Seems silly, huh? It's right off the barnyard floor and we've been watching and listening to it for months leading up to Election Day Tuesday.
It's interesting how the whole politics-sports globe flipped upside down. Back when I was a naïve high-schooler, I enjoyed listening to athletes like Muhammed Ali and John McEnroe pontificate. Politicians like Gerald Ford and Jimmy Carter seemed fairly tame in comparison, like two guys you'd meet at a checkers tournament.
Now the politicians are the Muhammed Alis and John McEnroes. Heck, maybe that's being too nice. They're an updated version of the all-star wrestlers we watched in the 1970s like Baron "The Clawmaster" von Raschke and Ivan "The Russian Bear" Koloff. Excitable guys that point their finger in the camera.

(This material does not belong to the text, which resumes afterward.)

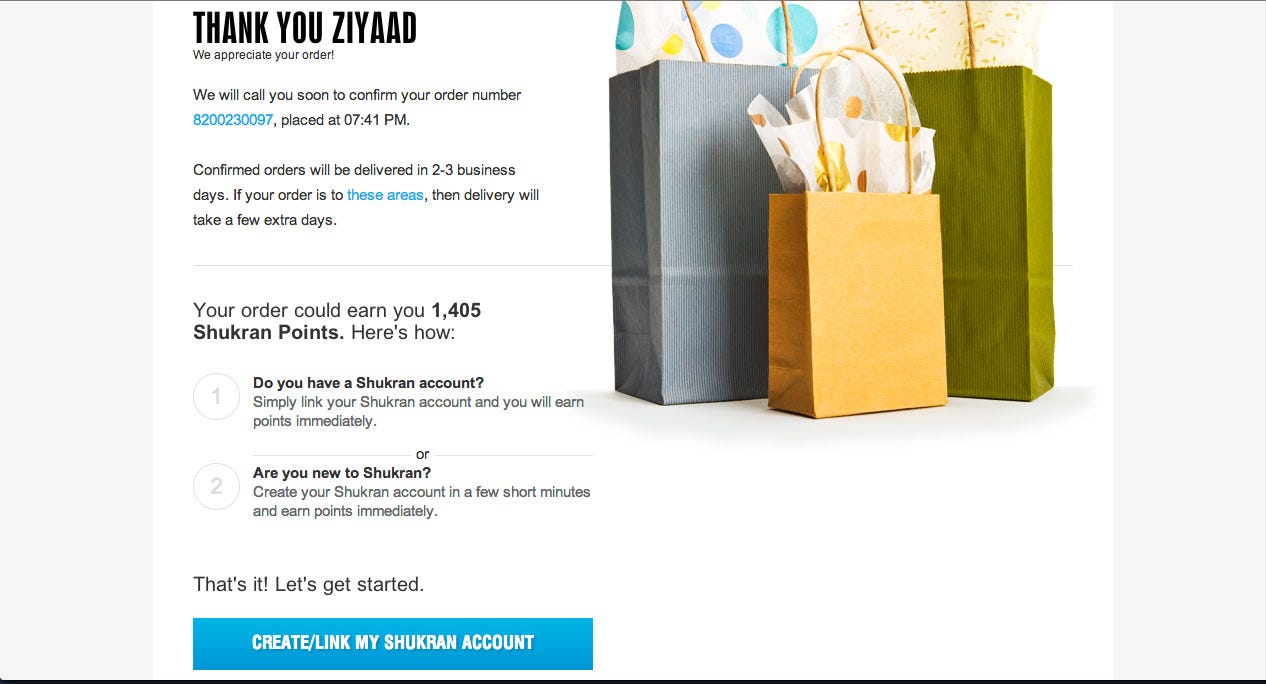 Earn Shukran points on all of your orders by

Perhaps politicians could learn a thing from listening to Montana and Montana State coaches and athletes on the eve of Cat-Griz confrontations. There's an air of class that, while mundane at times, leaves the casual observer feeling pretty good about this state.
The closest thing to Brawl of the Wild pregame trash talk I've even heard is so subtle it's easy to miss. Maybe Robin Selvig dodging the words Montana State, instead opting for Bozeman. Or someone from the Bobcats referring to Montana as "that school to the west."
Some of the political attacks this fall have confused me. Why is it such a terrible thing if someone who wasn't born in Montana runs for office in the Treasure State? I mean really, almost all of us are outsiders — some moving to this beautiful place recently and others the descendants of outsiders who came 75 years ago looking for opportunity.
My son was born in a small Iowa town named Cherokee. He moved here with his family only 14 years ago, but I'd challenge you to find anyone more passionate about the Montana way of life — from its mountains and people to its fishing, hunting and job opportunity.
If he decided to run for office, how exactly would his birth place make him different than the fellow that's lived here his whole life? Does remembering the days when Montana's population was under 700,000 really help that much now that it's up over a million?
Another thing I don't quite understand is why it's considered bad to be a career politician. I suppose it could be if you were a worthless lump. But wasn't Abraham Lincoln a career politician? Is it bad if I call myself a career journalist?
The great news is the political attacks are almost over. The advertisements insulting our intelligence will mostly go away, at least for a while. No more paper thingies hanging on the front door.
Whether your favorites win or lose Tuesday, try to remember the immortal words of those philosophical rockers from the 1970s, the band Styx. They'll light the way in your times of trouble:
"So if you think your life is complete confusion
Because you never win the game
Just remember that it's a grand illusion
And deep inside we're all the same."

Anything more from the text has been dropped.